Disabled campaigners have welcomed a new report urging East Dunbartonshire Council to halt its plans for a busy town centre junction.
The Herald reported last week that former Paralympian Lord Holmes, who is blind, has blasted “shared space” schemes as “dangerous and costly planning follies”.
After conducting an in-depth survey, he is calling for a moratorium on all schemes - weeks before work is due to being at Catherine Street junction in Kirkintilloch.
The council wants to remove traffic lights and safety barriers at the junction as part of its shared space plans.
Sandy Taylor, Chairman of East Dunbartonshire Visually Impaired Forum, which has been at the forefront of the campaign against the plans for Catherine Street, told the Herald the long-awaited report from Lord Holmes “highlighted all the factors EDVIP had been expressing to the council for many months.”
He said: “More than 3,500 local people signed our petition to stop the removal of controlled crossings and traffic lights in our town centre.
“They remembered the utter chaos, confusion and anxiety caused during the trial of the shared space scheme last summer. We at EDVIP will continue to campaign against this fatally flawed scheme, in the knowledge that we have the support of the vast majority of the public.
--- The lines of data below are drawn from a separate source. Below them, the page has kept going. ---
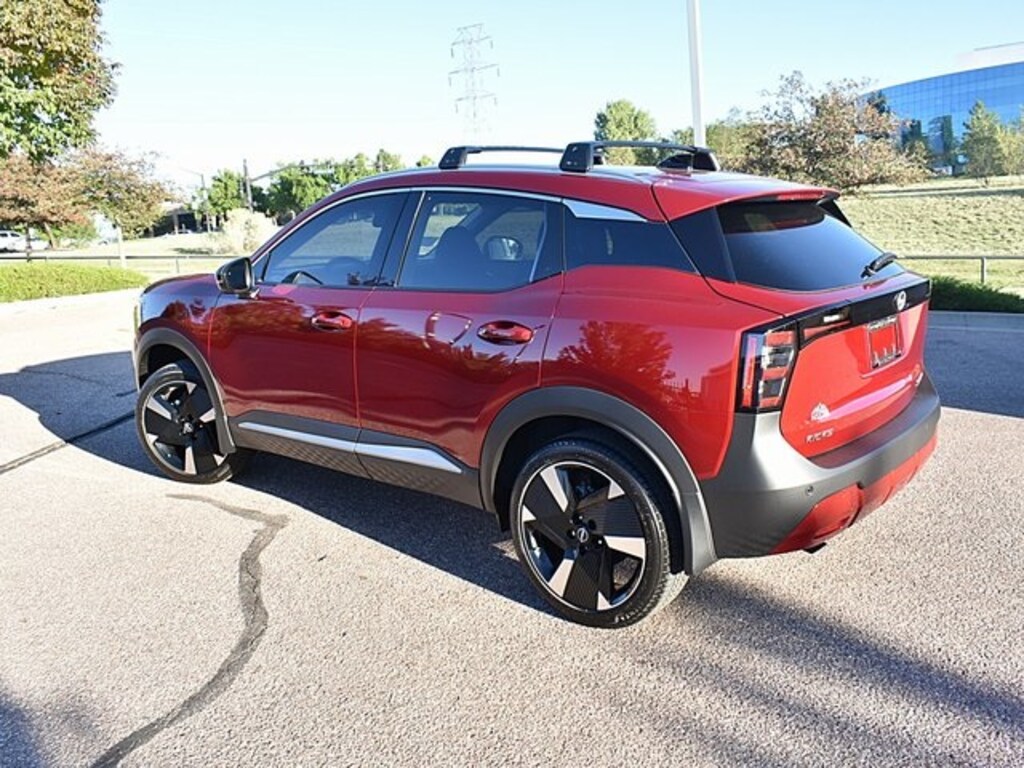 New 2026 Nissan Kicks SR SUV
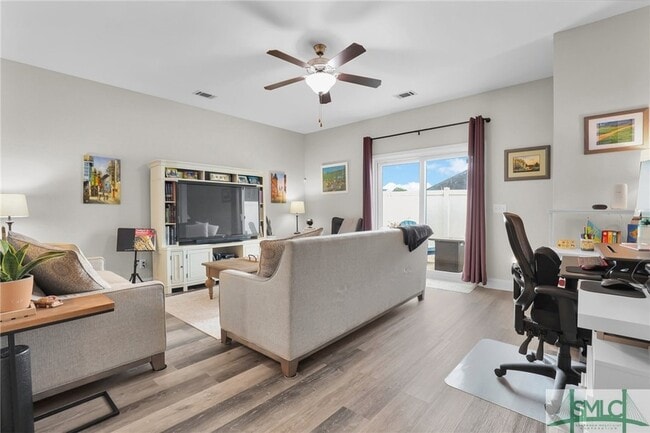 Building Photo - 320 Canyon Oak Loop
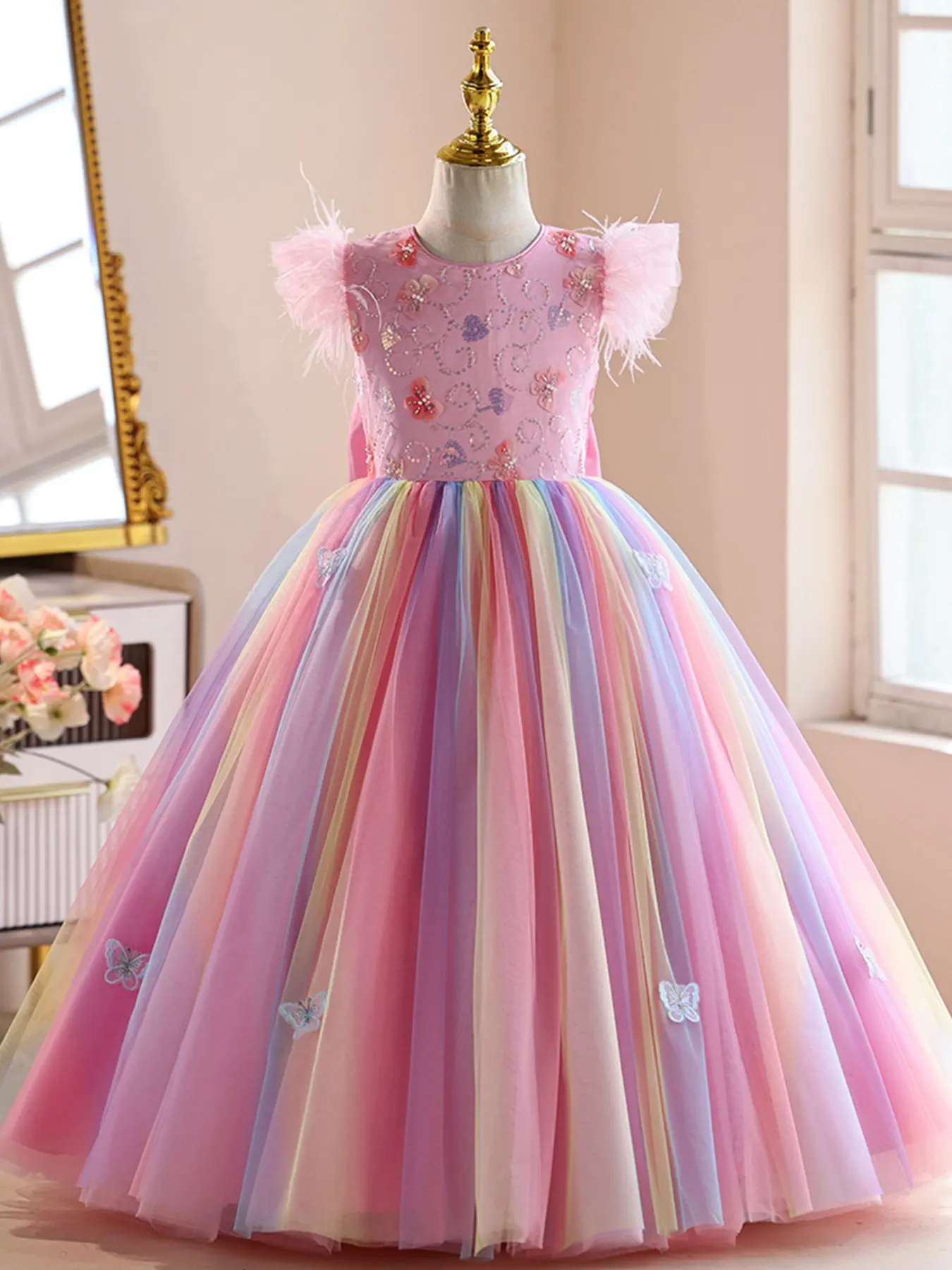 A high-end rainbow princess dress designed specifically for girls,  available in 3 colors (pink, light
The whole thing is utterly absurd and disable people are being put at risk.”
The council’s director of development and regeneration, Thomas Glen, said: “We have already amended some of our plans in response to community feedback and we have established an Equality Design Forum which is attended by all interested local groups as well organisations such as Guide Dogs UK and Deaf Blind Scotland, and other council officers such as the council’s equality policy adviser and sensory impairment officer.
“A future Equality Design Forum is planned and will continue to help positively shape the proposals for the Cowgate.”
After hundreds of people protested outside council HQ in April this year, the council put forward last-minute safety concessions in the form of pelican crossings at Catherine Street and Kerr Street.
But this week it was unclear whether the council plans to retain the crossings permanently.
Mr Glen refused to confirm or deny this and would only say: “The additional crossings at Catherine Street and Kerr Street will be monitored following the implementation of the shared space scheme.”